On good paint I always follow my chamois with a mircofibre cloth just to make sure the finish is clean of any possible streaks ;)
 
Thanks again guys - really good positive response to ths thread. Will probably order a cover and drying towel in the coming weeks (once I work out the right size etc).....
 
can somebody elaborate on the clay block mentioned in another thread also? (since we're on topic)
does it work similar to using a pummice stone on your feet to remove the hard skin? (lol - hopefully someone knows what i mean)
 
It's like play doh. It basically collects all the crap on that paint. some form of lube is required so the block slides over the paint.

I just did this recently and it is magic! Good on glass also. I spent 3 hours claying the car and then waxing
 
I use the Meguire's clay when I really want to "go to town" on my car.

If you've cleaned your car, and think it's an awesome job, try gently running your fingernails over the paint.

Feel all those little gritty bumps as you do it? That's all of the contaminants that no amount of washing will remove - they've practically "bonded" to your paint.

The clay simply allows you to remove these "bonded" contaminants from the paint, leaving it with that "smooth as glass" feel.

It takes a fair while, but if you see doing this as part of a "major service" of your paintwork (i.e. do it every 4-6 months) contaminants will find it harder to bond to your paint, and your car will stay clean looking for longer

I usually:

1) Wash and chamois the car (changing the water frequently, and don't dip your sponge in the bottom 3rd of the water in the bucket - that's where all the dirt is, and you'll simply be rubbing this all over your duco if you do.

2) Use a paint cleaner to prepare the surface (I use Meguire's paint cleaner)

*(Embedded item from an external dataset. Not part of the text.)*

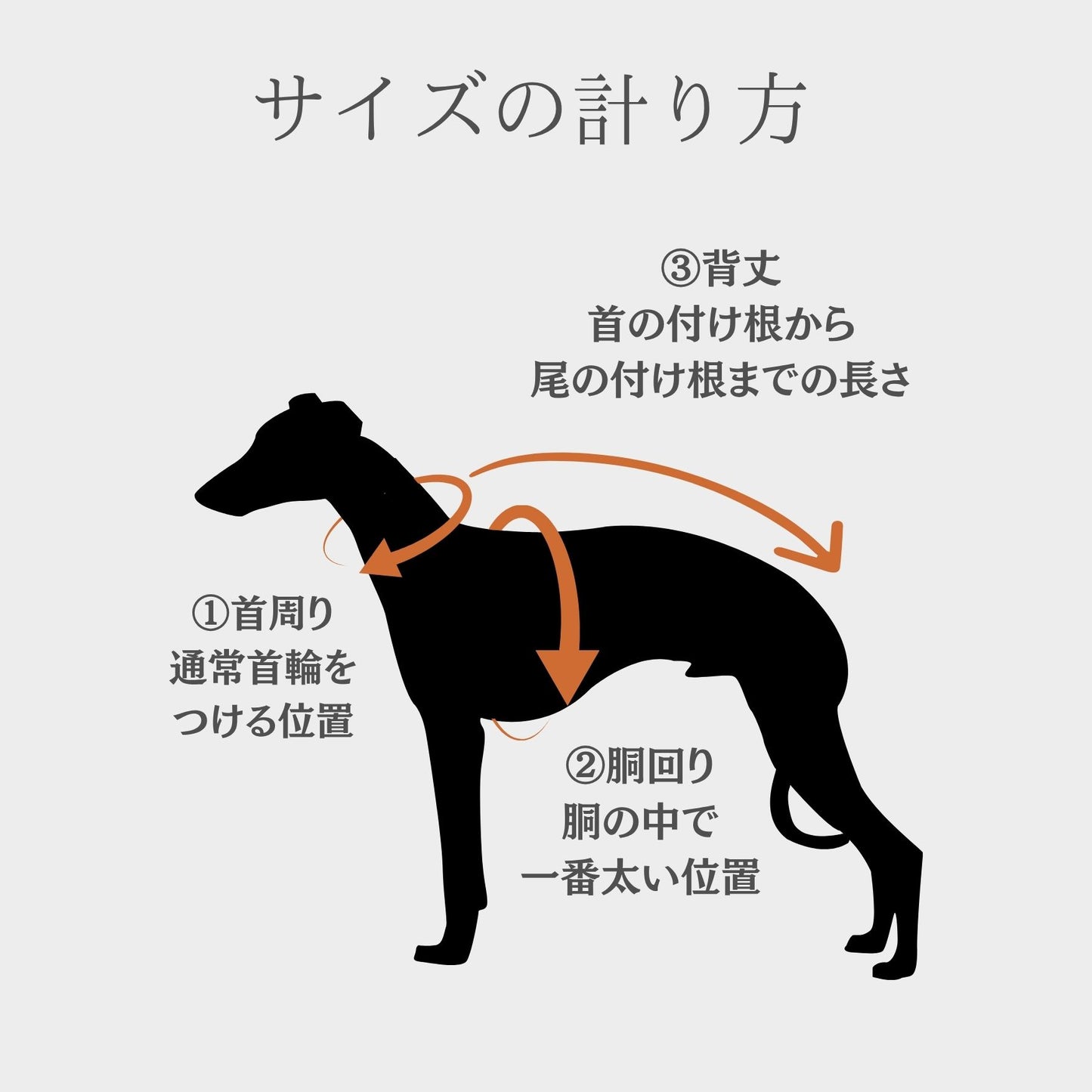 Bi Color Balloon Sleeve Knit 【Navy＊Mimosa】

3) Do the "fingernail test" if the test returns "positive" - clay away, one panel at a time until you get that smooth as glass feel. If you notice the clay is getting dirty, just knead it until it disappears and continue.

4) Polish the car with a high quality polish - the most common mistake is too use too much, but in fact being quite stingy returns the best results. Also, never pour the polish directly onto the paintwork - always pour it onto an applicator pad first, then apply that to the paintwork using small, circular strokes, working on one section at a time.

5) Buff off, using only a 100% cotton terry toweling cloth. If you get any sort of residue build up on the cloth, change to a clean one.

6) Apply a high quality carnuba wax to the entire paintwork, i.e. Mequire's, Zymol, etc as per steps 4 & 5. This forms a hard exterior shell for the paintwork, that protects the cleaned, polished surface from contaminants (i.e. it's harder for contaminants to bond to the paintwork), and stops it getting dirty as quickly , and makes it much easier to clean for the next few washes if done properly.
 
I havent clay bar'd the car yet as it only got a full respray not long ago, but I have seen it done and the results produced its the shizz - it just takes ages from start to finish but well worth the reward. The paint work will feel like glass afterwards.

I believe the technical name for all the gritty bits on clean paint work are referred to as "rail dust".

You can find 100's of instructional videos on youtube though I think Boostboys post should be a sticky on clay bars? Very good start to finish step by step method!